_YOUR OBJECTIVE_: Filter the records below for the word "Ford". Keep each line that has it.

_DATA FOR REVIEW_:
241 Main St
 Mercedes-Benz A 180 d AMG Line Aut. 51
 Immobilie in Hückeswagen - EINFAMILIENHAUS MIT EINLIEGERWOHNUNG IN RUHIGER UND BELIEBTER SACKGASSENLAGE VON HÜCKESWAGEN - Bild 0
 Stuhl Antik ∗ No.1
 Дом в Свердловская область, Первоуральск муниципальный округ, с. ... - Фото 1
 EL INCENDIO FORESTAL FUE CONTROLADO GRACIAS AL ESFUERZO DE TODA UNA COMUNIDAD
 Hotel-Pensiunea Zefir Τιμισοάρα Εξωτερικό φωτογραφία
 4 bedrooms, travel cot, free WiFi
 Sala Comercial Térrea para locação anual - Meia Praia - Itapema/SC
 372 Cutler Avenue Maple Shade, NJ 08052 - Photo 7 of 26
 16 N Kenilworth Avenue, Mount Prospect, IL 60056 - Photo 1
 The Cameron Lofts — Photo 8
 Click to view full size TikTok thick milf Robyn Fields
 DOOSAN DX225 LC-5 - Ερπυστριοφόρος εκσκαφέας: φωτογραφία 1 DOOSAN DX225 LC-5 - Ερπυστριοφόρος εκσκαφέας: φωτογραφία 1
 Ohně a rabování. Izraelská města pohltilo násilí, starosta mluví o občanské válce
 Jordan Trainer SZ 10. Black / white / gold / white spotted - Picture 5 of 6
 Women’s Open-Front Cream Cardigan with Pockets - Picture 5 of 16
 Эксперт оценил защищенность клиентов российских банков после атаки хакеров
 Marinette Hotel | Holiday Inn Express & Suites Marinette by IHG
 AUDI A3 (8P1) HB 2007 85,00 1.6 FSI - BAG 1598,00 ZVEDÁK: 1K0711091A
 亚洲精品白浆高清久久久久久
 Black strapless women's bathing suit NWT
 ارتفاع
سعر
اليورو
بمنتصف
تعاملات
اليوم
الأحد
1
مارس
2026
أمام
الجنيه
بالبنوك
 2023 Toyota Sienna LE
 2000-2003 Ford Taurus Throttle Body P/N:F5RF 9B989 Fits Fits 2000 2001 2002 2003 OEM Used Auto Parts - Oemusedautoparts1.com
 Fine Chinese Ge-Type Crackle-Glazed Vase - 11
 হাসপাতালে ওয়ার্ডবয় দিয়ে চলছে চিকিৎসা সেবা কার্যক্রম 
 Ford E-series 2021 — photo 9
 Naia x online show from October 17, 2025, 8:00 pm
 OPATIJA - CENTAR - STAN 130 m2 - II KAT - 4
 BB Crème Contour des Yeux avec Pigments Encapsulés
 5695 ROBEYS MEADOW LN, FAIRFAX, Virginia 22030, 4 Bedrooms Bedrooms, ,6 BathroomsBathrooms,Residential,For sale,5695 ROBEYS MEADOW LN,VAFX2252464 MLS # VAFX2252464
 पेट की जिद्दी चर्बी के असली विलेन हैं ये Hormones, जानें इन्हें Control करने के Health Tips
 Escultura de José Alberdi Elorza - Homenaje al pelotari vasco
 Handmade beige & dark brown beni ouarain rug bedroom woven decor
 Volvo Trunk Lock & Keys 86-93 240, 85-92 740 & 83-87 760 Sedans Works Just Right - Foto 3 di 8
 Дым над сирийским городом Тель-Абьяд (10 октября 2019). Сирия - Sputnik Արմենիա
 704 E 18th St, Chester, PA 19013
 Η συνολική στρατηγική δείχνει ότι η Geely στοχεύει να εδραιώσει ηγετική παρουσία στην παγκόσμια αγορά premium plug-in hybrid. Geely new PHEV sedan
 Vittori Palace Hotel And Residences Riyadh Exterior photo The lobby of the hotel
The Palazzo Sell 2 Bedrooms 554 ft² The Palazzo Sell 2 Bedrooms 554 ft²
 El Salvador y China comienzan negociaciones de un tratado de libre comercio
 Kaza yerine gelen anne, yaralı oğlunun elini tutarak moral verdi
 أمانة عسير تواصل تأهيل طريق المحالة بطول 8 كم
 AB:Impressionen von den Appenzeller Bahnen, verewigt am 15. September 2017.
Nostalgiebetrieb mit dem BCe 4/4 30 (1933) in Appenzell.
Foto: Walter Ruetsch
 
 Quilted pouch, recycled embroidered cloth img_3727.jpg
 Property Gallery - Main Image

_REPLY_:
 2000-2003 Ford Taurus Throttle Body P/N:F5RF 9B989 Fits Fits 2000 2001 2002 2003 OEM Used Auto Parts - Oemusedautoparts1.com
 Ford E-series 2021 — photo 9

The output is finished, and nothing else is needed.